The failings of the DOS file system were widely known by this time, but, as the most widely used file system on the planet, the committee members could not ignore it. Upon examination, it became clear that the most ideomatic features of the DOS file system (the File Allocation Table) were irrelevent to a CDROM file system (which is written only once):

We don't need to keep track of the free space on a CD ROM. We write each file contiguously, and the next file goes immidiately after the last one.
Because files can be written contiguously, we don't need any "next block" pointers. All we need to know about a file is where its first block resides.

It was decided that ISO 9660 file systems would (like DOS file systems) have tree structured directory hierarchies, and that (like DOS) each directory entry would describe a single file (rather than having some auxiliary data structure like and I-node to do this). 9660 directory entries, like DOS directory entries, contain:

file name (within the current directory)
file type (e.g. file or directory)
location of the file's first block
number of bytes contained in the file
time and date of creation

They did, however, learn from DOS's mistakes:

Realizing that new information would be added to directory entries over time, they made them variable length. Each directory entry begins with a length field (giving the number of bytes in this directory entry, and thus the number of bytes until the next directory entry).
Recognizing the need to support long file names, they also made the file name field in each entry a variable length field.
Recognizing that, over time, people would want to associate a wide range of attributes with files, they also created a variable length extened attributes section after the file name. Much of this section has been left unused, but they defined several new attributes for files:
- file owner
- owning group
- permissions
- creation, modification, effective, and expiration times
- record format, attributes, and length information

But, even though 9660 directory entries include much more information than DOS directory entries, it remains that 9660 volumes resemble DOS file systems much more than they resemble any other file system format. And so, the humble DOS file system is reborn in a new generation of products.

7. Summary

DOS file systems are very simple, They don't support multiple links to a file, or symbolic links, or even multi-user access control. They are also and very economical in terms of the space they take up. Free block lists, and file block pointers are combined into a single (quite compact) File Allocation Table. File descriptors are incorporated into the directory entries. And for all of these limitations, they are probably the most widely used file system format on the planet. Despite their primitiveness, DOS file systems were used as the basis for much newer CD ROM file system designs.

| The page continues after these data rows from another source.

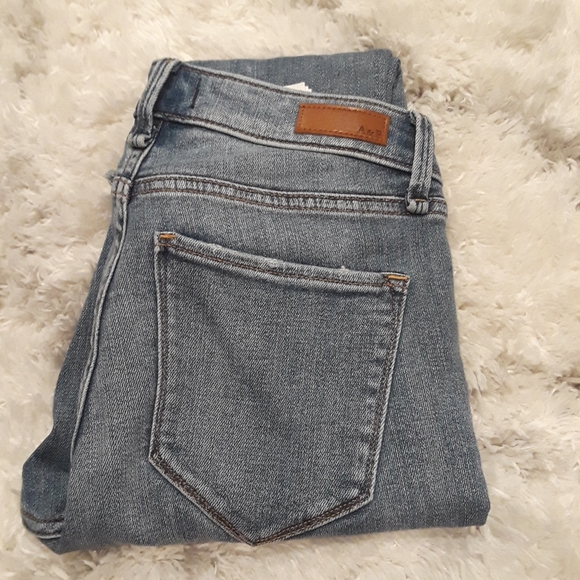 TALL NWOT Abercrombie & Fitch denim skinny jeans - Picture 2 of 3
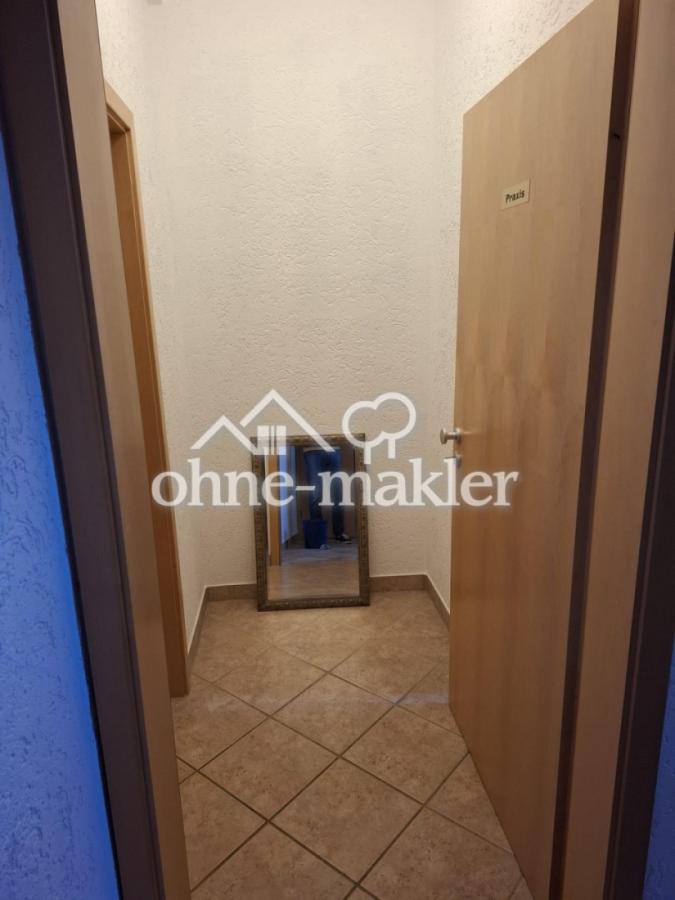 Eingang in EG-Räume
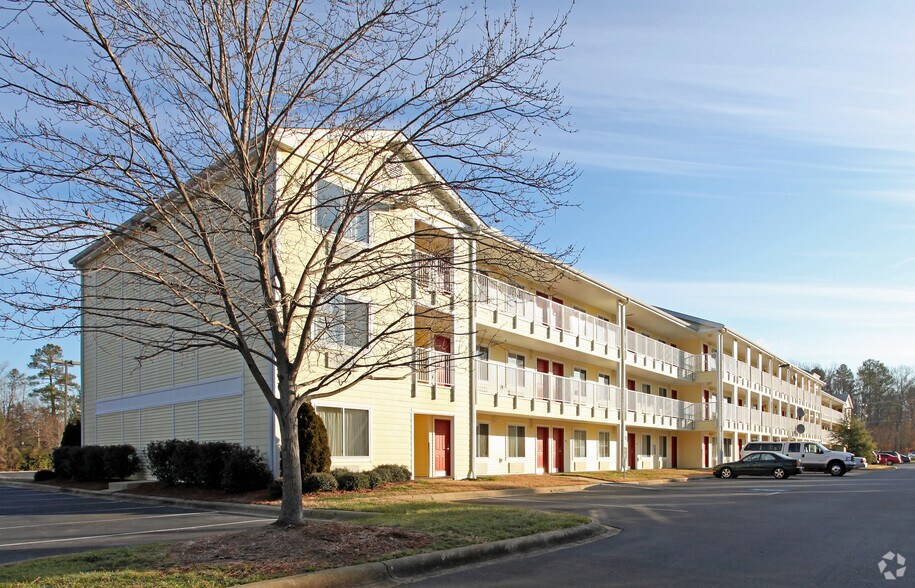5008 NC Highway 55, Durham, NC à vendre - Photo de l’immeuble – Image 2 sur 3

What can we infer from this? That most users don't need alot of fancy features, and that the DOS file system (primitive as it may be) covers their needs pretty well.

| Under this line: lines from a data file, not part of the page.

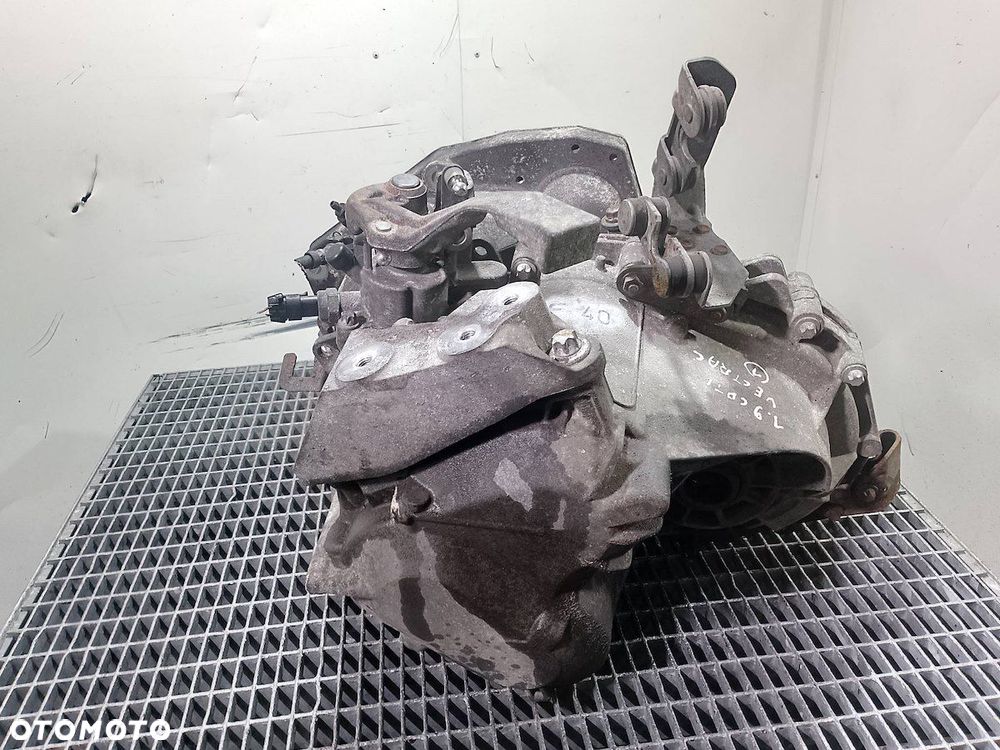 SKRZYNIA BIEGÓW MANUALNA OPEL VECTRA C F40 1.9 CDTI - 4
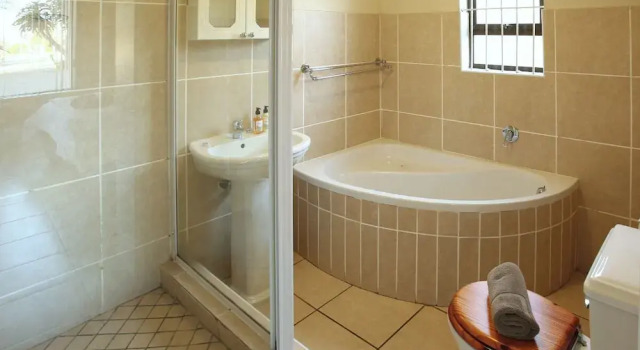 Коттедж Comfort с 3 комнатами с балконом и с видом на океан Kian's Place, Langebaan 8-sleeper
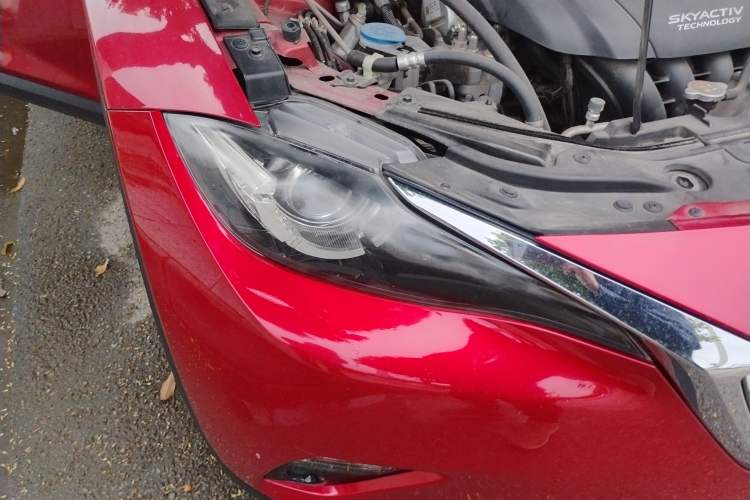 Used Mazda CX-4 2016 2.0L Automatic 2WD Blue Sky Luxury Edition Right Front Headlight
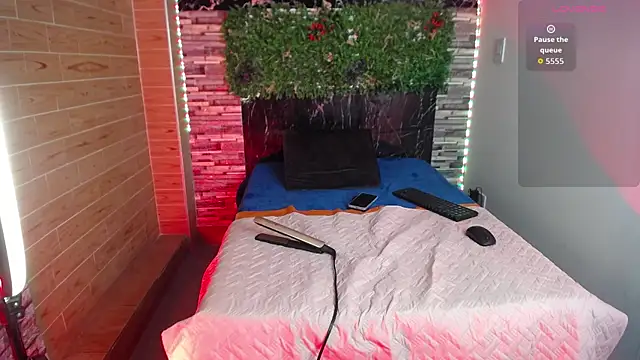 Snapshot of dayis_durand chatting on September 29, 8:13 pm dayis durand online show from September 29, 8:13 pm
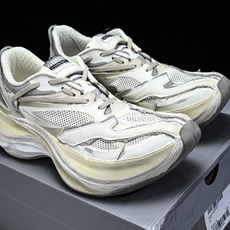 Balenciaga Jet 巴黎世家压纹印花圆头厚底低帮老爹鞋WMRTN-9191 尺寸 35 36 37 38 39 Balenciaga Jet 巴黎世家压纹印花圆头厚底低帮老爹鞋WMRTN-9191 尺寸 35 36 37 38 39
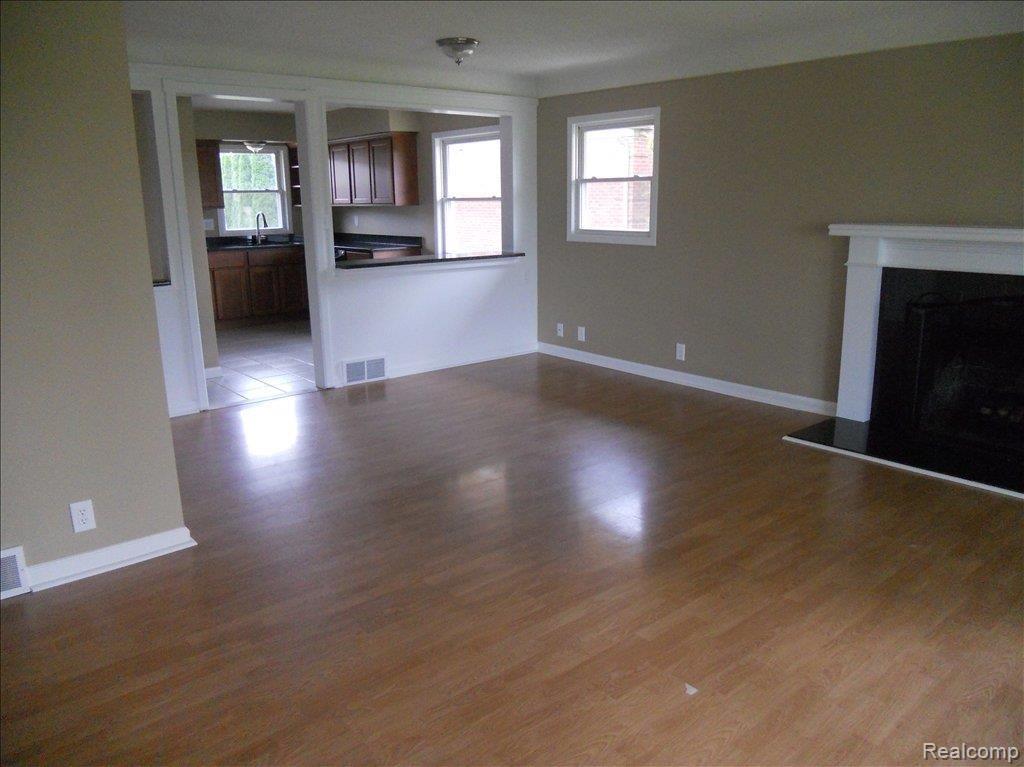 47350 Card Road Macomb, MI 48044 - Photo 4 of 11 houses22
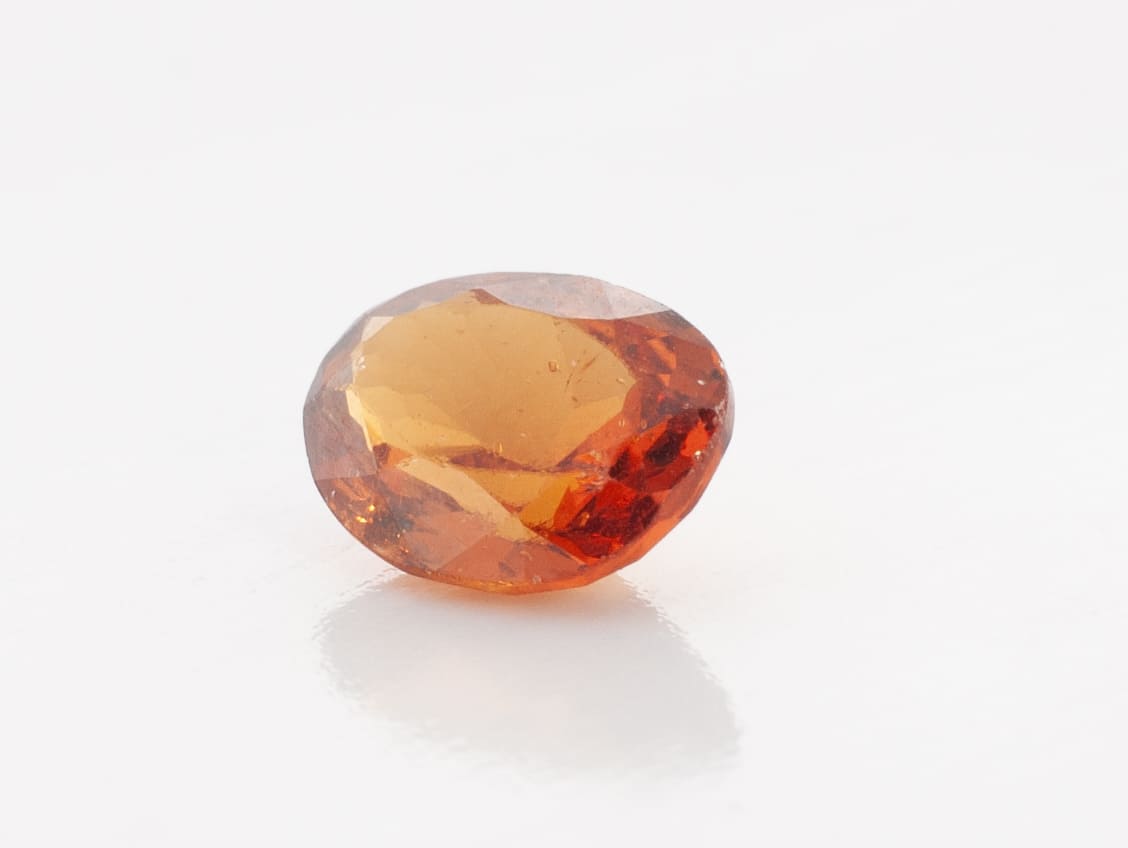 1.45ct Orange Citrine VVS Oval Shape (7.8x6x3.6 mm) Unheated gemstone from Sri Lanka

It is also noteworthy that when Microsoft was finally forced to change the file system format to get past the 8.3 upper case file name limitations, they chose to do so with a klugy (but upwards compatible) solution using additional directory entries per file. The fact that they chose such an implementation clearly illustrates the importance of maintaining media interchangability with older systems. This too is a problem that all (successful) file systems will eventually face.

8. References

DOS file system information

PC Guide's Overview of DOS FAT file systems. (this is a pointer to the long filename article ... but the entire library is nothing short of excellent).
Free BSD sources, PCFS implementation, BIOS Parameter block format, and (Open Solaris) FDISK table format.
Free BSD sources, PCFS implementation, Directory Entry format

9660 file system information

WIkipedia Introduction to ISO 9660 file systems
Free BSD sources, ISOFS implementation, ISO 9660 data structures.